With Twitter in meltdown, some new media companies going under, and the ad market generally being terrible for anyone who isn't Google or Facebook, there's a lot of reflection about where we are on the so-called social parts of the Internets. That retro is pretty bleak.
Before Facebook, there were a million web forums, and on them, a million little communities formed. It's not an exaggeration to say that a great many Millennials and Gen-X'ers found their people this way, and likely still have relationships with them. At the turn of the century, and for some years after that, blogs started popping up either on platforms like Live Journal or Blogger, often on personal setups, and it was all messily tied together via RSS and trackbacks. Those were fun times.

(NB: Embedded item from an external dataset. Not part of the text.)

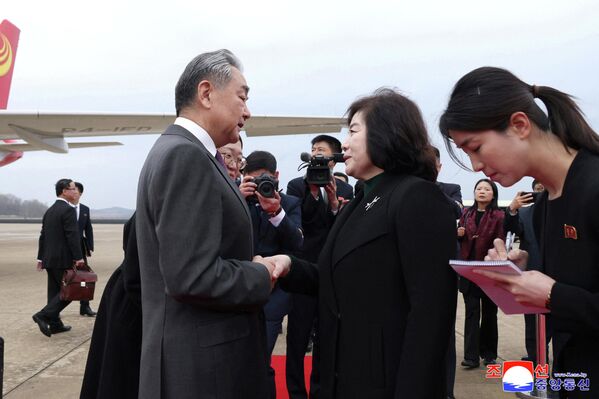 وزير الخارجية الصيني وانغ يي، ووزيرة خارجية كوريا الديمقراطية الشعبية، تشون سون هي، يتصافحان في مطار بيونغ يانغ الدولي في بيونغ يانغ في كوريا الديمقراطية الشعبية، خلال أول زيارة قام بها وانغ يي إلى كوريا الديقراطية الشعبية منذ عام 2019. - سبوتنيك عربي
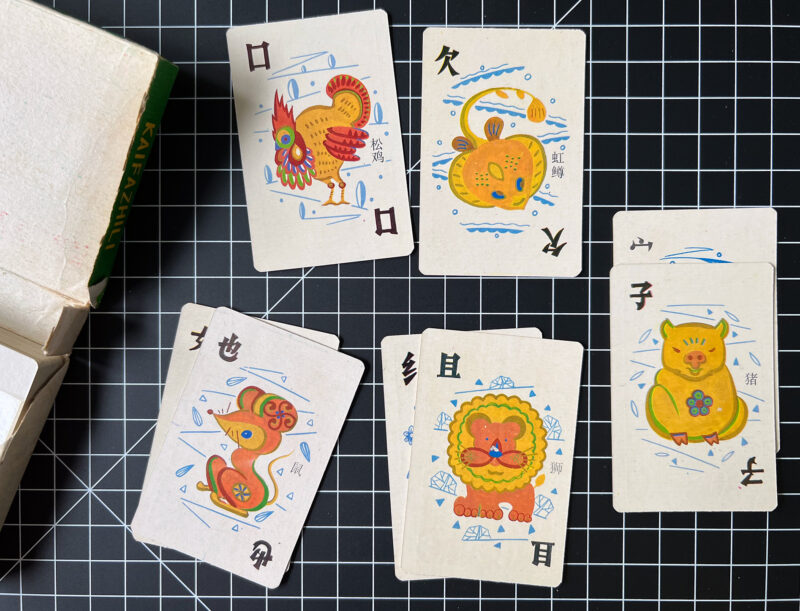 Some photos of cards, showing how they might be combined by placing the cards next to or on top of one another.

When Facebook broke out of colleges, I signed up on the first day. Said Millennials were already there, including many who graduated but were able to keep their .edu emails for some period of time. College friends came on over the next year or two. And keep in mind that, at the time, Facebook was a desktop computer affair. When you posted photos, you would often post a ton of them dumped from your digital camera that was not your phone. (Some folks really didn't understand how to edit out the dupes and blurries.) It was fun, maybe even a little addictive, to see what your entire life of acquaintances were up to. I know that a lot of people would do life comparisons, but maybe because I had been doing forums and blogging prior, I knew that whatever you would see online was a subset of a person's life, filtered.
The point though was that what you did, your interaction and experience, it was social. It was just people you know posting photos of their food, from their vacations, and strangely (at the time) their kids. Compare that to today. It's hard to find what your friends are doing, and you're bombarded with ads, videos of completely meaningless and ephemeral crap, brands, celebrities and possibly politicians. People try to make being an "influencer" a thing, and everyone is a "creator" that makes disposable time wasters. Even if you can find the "recent" button, there isn't much to see from your friends because most of them have left. I'll admit, Facebook for me at this point is something I rarely read, I just post to it knowing that I'll be able to see the memories in later years. And that's just until I can figure out a solid way to pull it all out and keep it elsewhere.
Building a social network the way Facebook used to be would not be difficult. There are two huge problems though. First, you need the people you know to be there. Second, you need to pay for the infrastructure, because it's not free. Those are two pretty big hurdles to clear. To be social.